Selain agar tidak bosan, tentu agar menjadi hal yang dinanti-nanti oleh pemirsanya. Generasi sekarang mungkin mengenal nama Bing Slamet, tapi tidak semuanya tahu kalau Bing adalah anggota Kwartet Jaya.
Bahkan sewaktu menonton 'Warkop DKI Reborn', sosok Tarzan disebut-sebut sebagai “RTnya Mas Adi” oleh penonton di sebelah saya, bukan sebagai Tarzan Srimulat. Mereka familiar dengan Warkop, tapi tidak dengan Kwartet Jaya dan Srimulat. Itulah kekuatan branding dalam jangka panjang.
Humor Sebagai Perlawanan
Branding yang dibangun sedemikian rupa oleh Warkop ternyata mempunyai keuntungan yang berhasil melindungi mereka dari kebuasan rezim penguasa, hal ini khsusunya dalam materi lawak yang bernuansa kritik.
Pernah suatu hari di stasiun televisi swasta nasional, Indro mengakui bahwa Warkop pernah dijemput mobil aparat di suatu bandara.

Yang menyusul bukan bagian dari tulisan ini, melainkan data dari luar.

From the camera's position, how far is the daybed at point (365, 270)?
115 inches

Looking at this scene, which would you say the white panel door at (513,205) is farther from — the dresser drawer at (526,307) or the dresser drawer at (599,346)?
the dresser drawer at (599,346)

Namun penjemputan itu tak sampai kepada tindak penahanan, hanya sebatas interogasi. Terlepas dari status Indro yang notabene anak Jenderal, yang mungkin dapat menyelamatkannya, tentu status terdakwa dapat saja menimpa rekannya yang lain, yaitu Dono dan Kasino, atau bahkan Nanu dan Rudy Badil semasa masih ‘Warkop Prambors’.

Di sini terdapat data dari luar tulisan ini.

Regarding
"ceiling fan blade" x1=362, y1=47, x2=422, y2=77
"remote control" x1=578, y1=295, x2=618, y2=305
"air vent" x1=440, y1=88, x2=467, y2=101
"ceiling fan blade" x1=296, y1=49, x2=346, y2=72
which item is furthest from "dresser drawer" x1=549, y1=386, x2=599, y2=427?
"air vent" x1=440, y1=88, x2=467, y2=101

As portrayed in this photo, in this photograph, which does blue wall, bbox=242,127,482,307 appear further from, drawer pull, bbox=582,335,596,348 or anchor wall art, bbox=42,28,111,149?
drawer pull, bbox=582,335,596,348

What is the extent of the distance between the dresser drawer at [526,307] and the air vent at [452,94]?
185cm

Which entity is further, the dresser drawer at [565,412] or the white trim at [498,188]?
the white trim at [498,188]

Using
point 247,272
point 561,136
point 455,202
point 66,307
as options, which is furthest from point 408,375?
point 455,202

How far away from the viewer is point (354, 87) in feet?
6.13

Tapi status Indro tersebut sepertinya tidak berpengaruh besar, karena sang penguasa tampak menertawakan dirinya sendiri.
Kekuatan satire nyatanya jauh lebih diterima oleh penguasa, dibanding kritik yang terlalu sarkasme. Hal ini juga terbukti dari pengalaman Miing, saat tampil bersama Bagito di depan para pejabat.
Miing, yang dulunya asisten Warkop ini, bercerita bahwa dia “disambut” oleh Pak Harto secara pribadi, langsung dari kursi istimewanya di depan panggung.
Pak Harto setengah berdiri dan memberikan tanda“monggo” kepadanya. Padahal sampai lima belas menit kemudian ia membicarakan penggusuran dan kesenjangan, terus-menerus.
Para pembantu 'Raja' mulai resah, sang Raja justru tetap tersenyum tenang. Miing bersyukur dirinya tetap selamat hingga sekarang.